There are big changes afoot in the investing world. The WSJ has a new series that examines the effects of cheap money, low interest rates, and the lengths (and risks) huge funds of investment money will take to find a return.
One lesson to remember is that investors never remember lessons. Expect more bubbles and more busts because the system clearly favor risks over wisdom and the speed of capital flows has never been greater.
Huge Flood of Capital to Invest
Spurs World-Wide Risk Taking
Corporate and Foreign Savings Chase Assets, Driving Prices Up, Keeping Returns Low
'A Global Game of Chicken'
November 3, 2005
A week after Hurricane Katrina, a defaulted loan backed by aging tugboats and barges in coastal Alabama came up for sale.
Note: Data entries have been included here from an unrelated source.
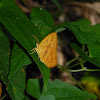 Butterfly moth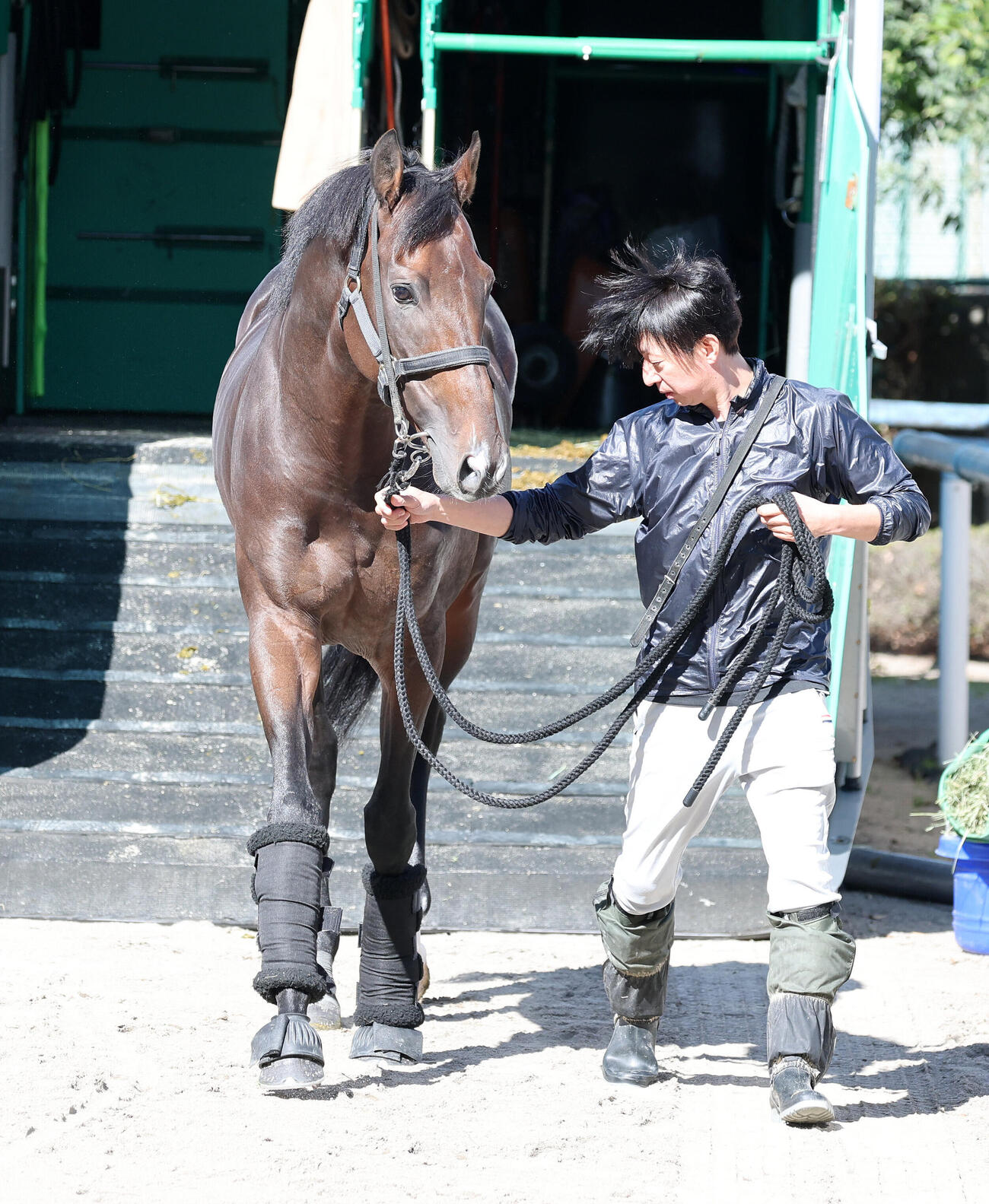 東京競馬場に到着したネブラディスク（撮影・鈴木正人）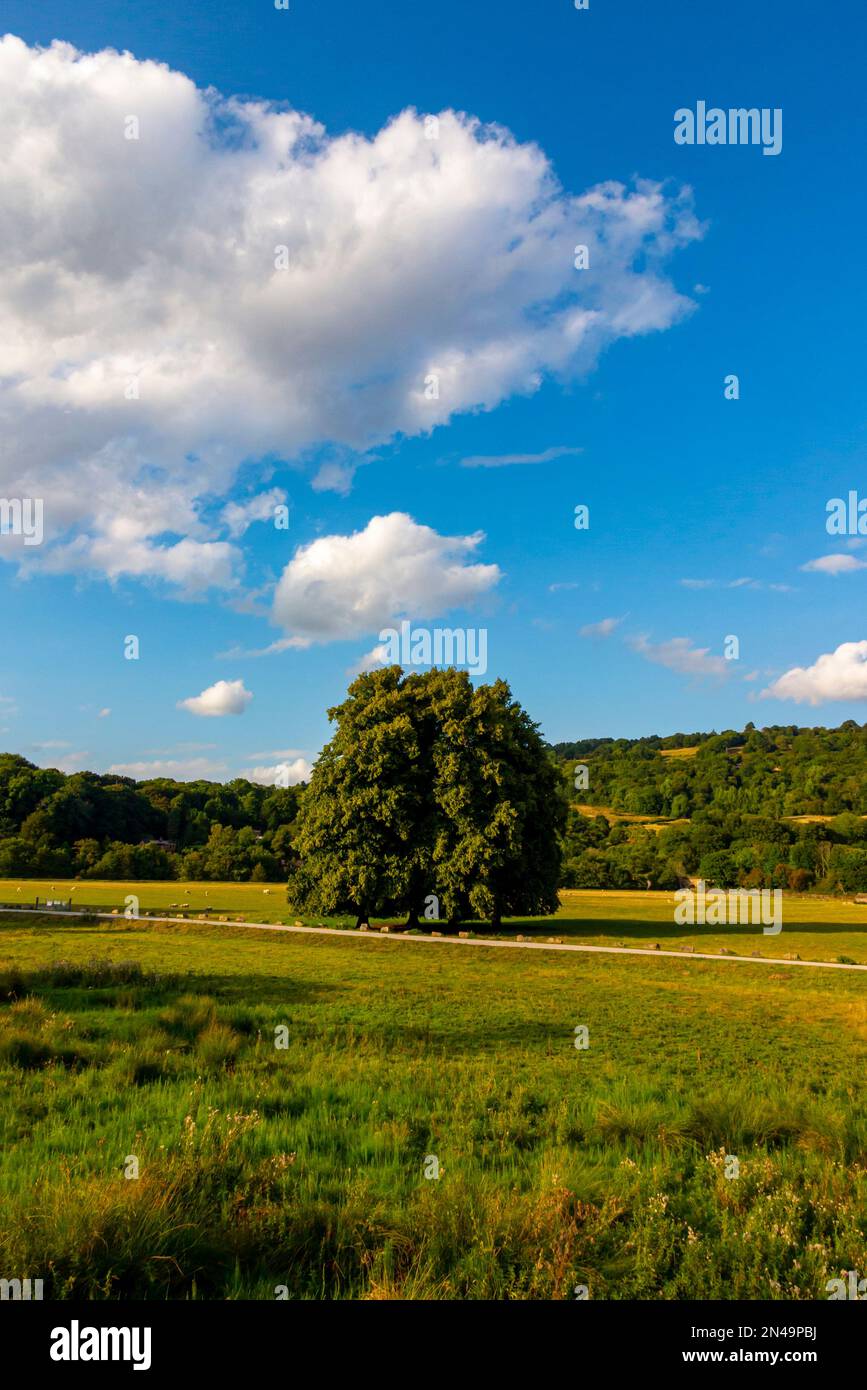 Paesaggio con alberi in estate a Cromford Meadows nella Derwent Valley Derbyshire Dales Peak District Inghilterra Regno Unito. Foto Stock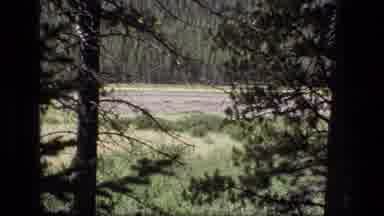 SCAPEGOAT WILDERNESS MONTANA USA .MP-1973: People Are Are Walking Out In The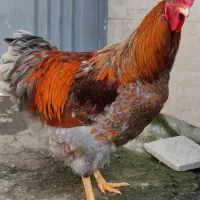 خروس ویاندوت بلورد (خروس زینتی)|حیوانات مزرعه|گتاب, |دیوار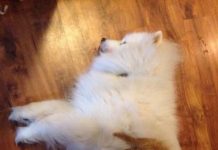 14 Cats Adorably And Hilariously Using Dogs As Pillows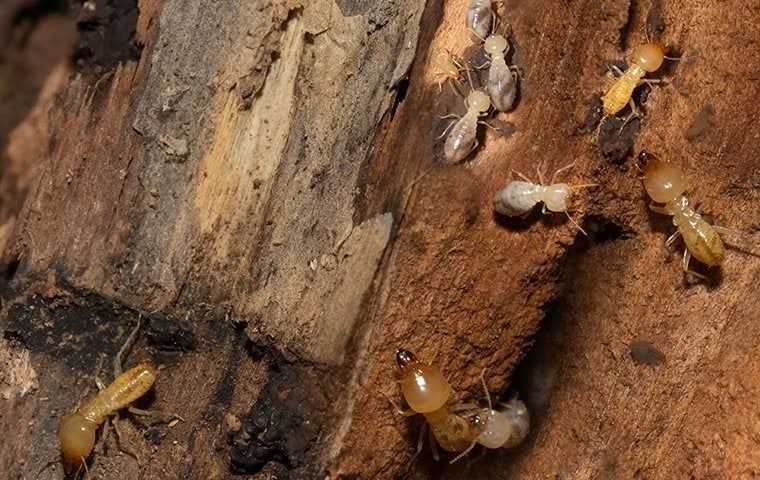 termites destroying wood 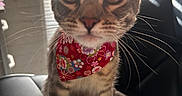Eula is registered to the contest to win money with this photo: cat, tabby, pet, animal, floral_bandana, collar, whiskers, large_eyes, ears, nose, fur, striped_fur, sitting, car_interior, car_seat, leather, portrait, close_up, backlighting, indoors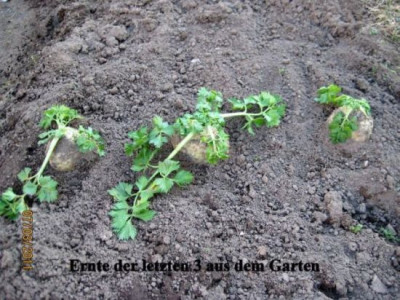 Die_letzten_drei.jpg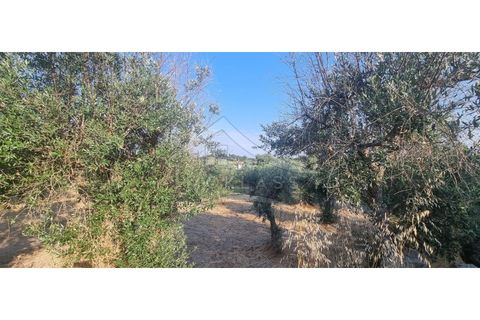 Terra a Alcains, Castelo Branco, Alcains - € 30.000 | Ref: SÒL_158 - foto 7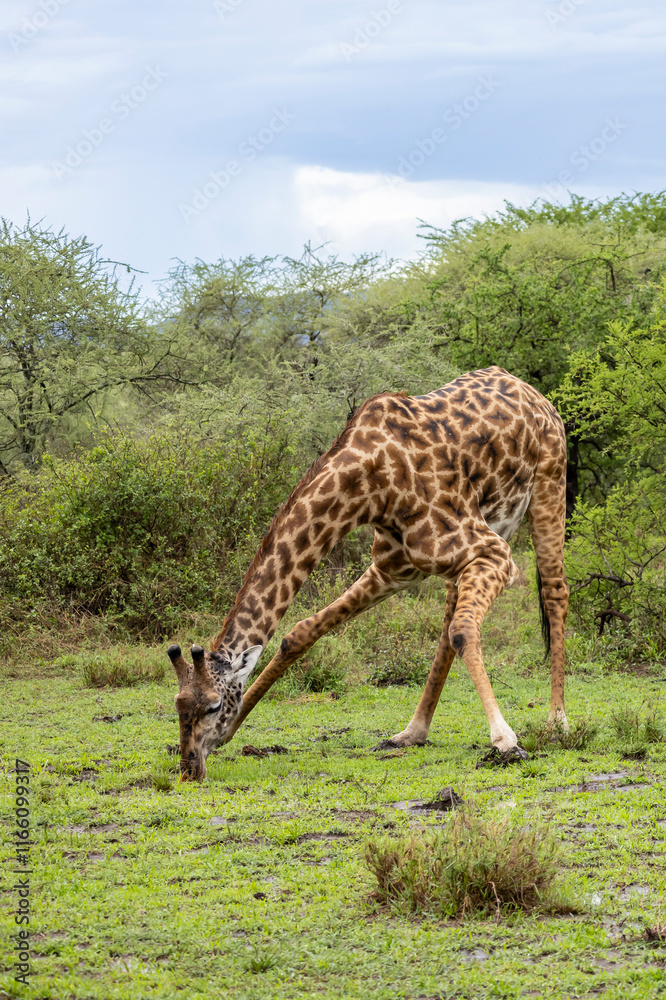 Naklejka premium Masai Giraffe drinking water in a rain pool in wet grassland during rainy season in Serengeti in Tanzania, East Africa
Mooring Financial Corp., a firm that buys troubled loans at a discount, was interested, but couldn't determine how well the boats had survived the hurricane, or even whether their cash-starved owner had kept up the insurance on them. So Mooring bid just 50 to 55 cents on the dollar, figuring that was generous for such a dicey deal.
Instead, it lost out to a bidder who offered about 10 cents more on the dollar, says the Virginia firm's president, John Jacquemin. "We would have won this...one to two years ago," he says. "But in the current market, there are few, if any, 'ugly stepchildren' that fail to draw aggressive bids."